Em 2016 chegou o primeiro curso na área e foi realizado o primeiro Fórum de Cuidados Paliativos pelo Conselho Regional de Medicina do Estado da Bahia (CREMEB). A partir de 2017 foram realizados eventos denominados Café Paliativo Integrativo que promovem a troca de experiências entre as equipes e divulgam os serviços. O modelo aplicado para realização desse evento também serviu de inspiração para outras cidades, a cada mês, uma instituição de saúde organiza o encontro que serve para capacitar equipes.
Em novembro de 2022, o Conselho Nacional de Educação (CNE) homologou a inclusão dos Cuidados Paliativos nas Diretrizes Curriculares Nacionais dos cursos de Graduação em Medicina no Brasil. A intenção é que as novas gerações de médicos incorporem a lógica do tratar integralmente a pessoa, sem reduzir a vida humana a meros sintomas, fenômenos biológicos sujeitos à tecnologia médica.

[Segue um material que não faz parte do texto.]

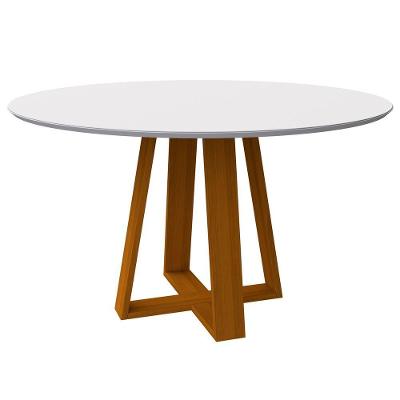 Mesa De Jantar Para 4 Ou 6 Lugares Tampo 1,35m Vitoria Ypê Off White New Ceval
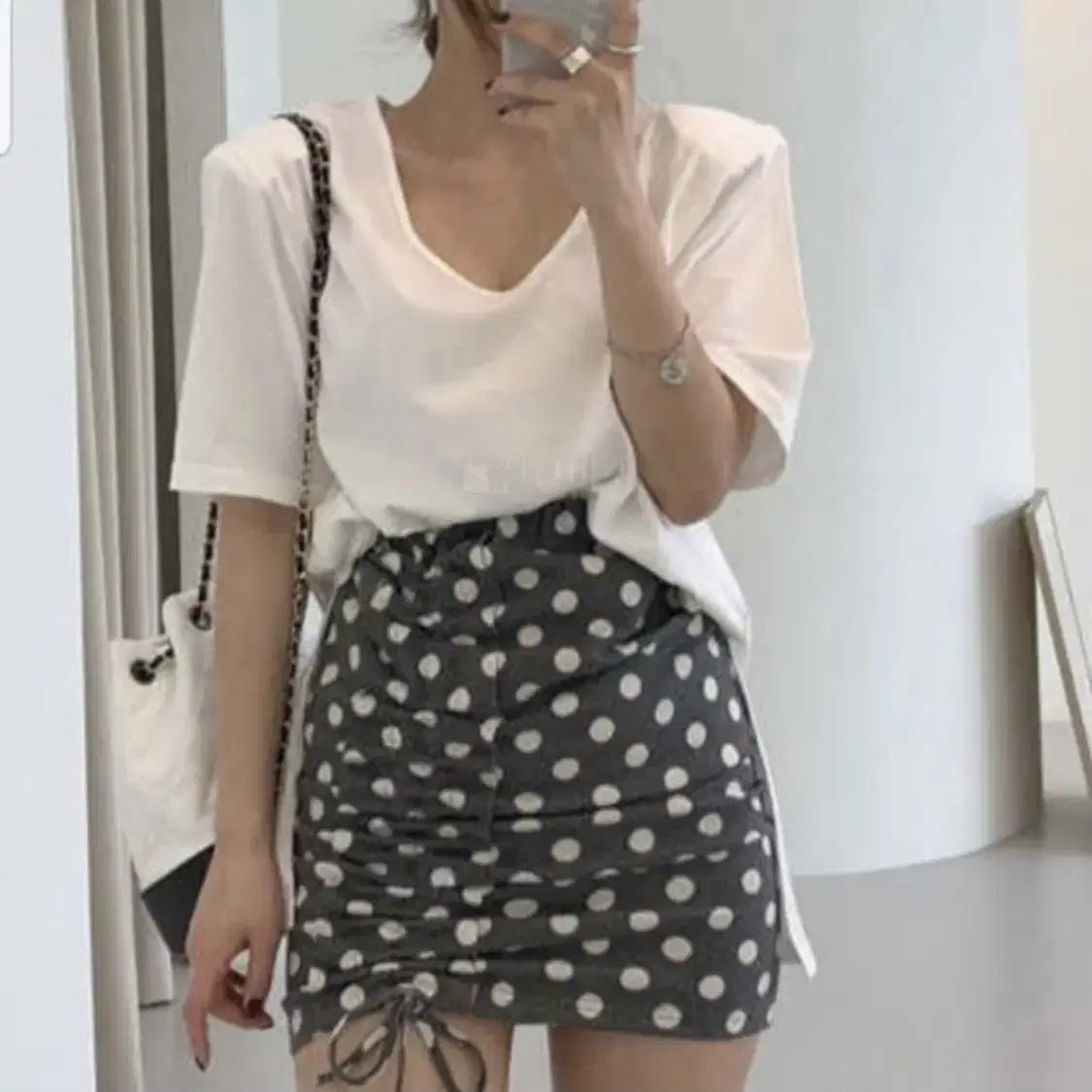 New product Dot skirt black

A Política Nacional de Cuidados Paliativos (PNCP) no SUS foi instituída pela Portaria do Ministério da Saúde GM/MS 3.681 de maio deste ano, prevendo consultas e exames encaminhados pela Equipe de Saúde da Família (ESF) com menos burocracia e grupos matriciais para atendimento humanizado. A expectativa do órgão é que 1.300 equipes sejam implantadas em todo o país, para permitir uma assistência especializada e humanizada. A intenção é estender para as regiões Norte e Nordeste os serviços que estavam concentrados no Sudeste, Sul e Centro Oeste, criando equipes multiprofissionais, disseminando informação e educação permanente e viabilizando o acesso a medicamentos e insumos para quem está em Cuidados Paliativos.
A nova medida chega após anos de mobilização popular e de segmentos de profissionais e organizações em todo o país que defendem a democratização do acesso aos Cuidados Paliativos, para proporcionar a todos uma morte digna.